▸ TASK STATEMENT: Copy out each line of the material exactly. Pictures do not belong in the copy.

▸ DATA SHOWN:

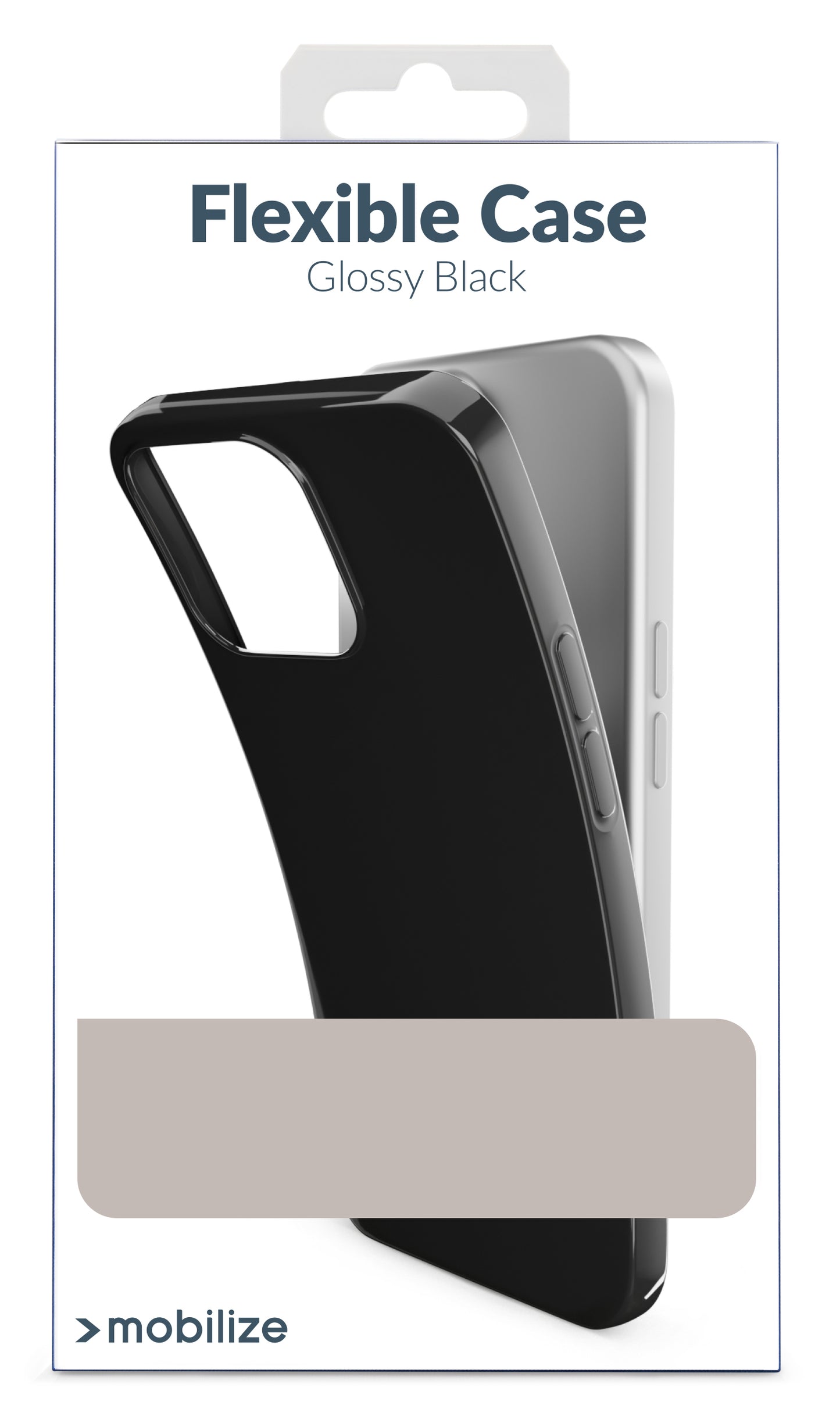 Mobilize Gelly Case Apple Iphone 15 Plus Black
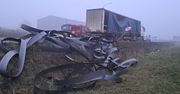 Koszmar na drodze. Mogło dojść do tragedii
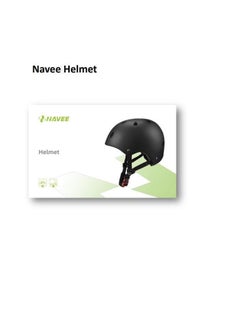 نافي Navee Helmet Lightweight Unisex Protective Helmet Versatile for Skateboards and Electric scooters and bicycles  - Image 1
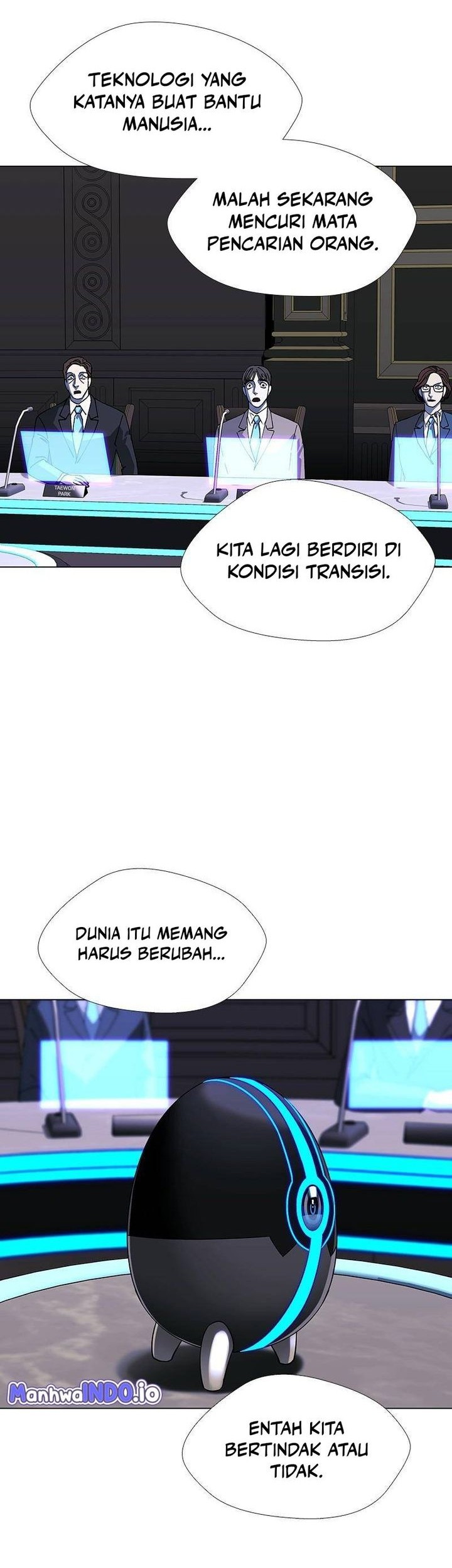 If AI Rules The World Chapter 40 - halaman 18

▸ WRITTEN ANSWER:
 Mobilize Gelly Case Apple Iphone 15 Plus Black
 Koszmar na drodze. Mogło dojść do tragedii
 نافي Navee Helmet Lightweight Unisex Protective Helmet Versatile for Skateboards and Electric scooters and bicycles  - Image 1
 If AI Rules The World Chapter 40 - halaman 18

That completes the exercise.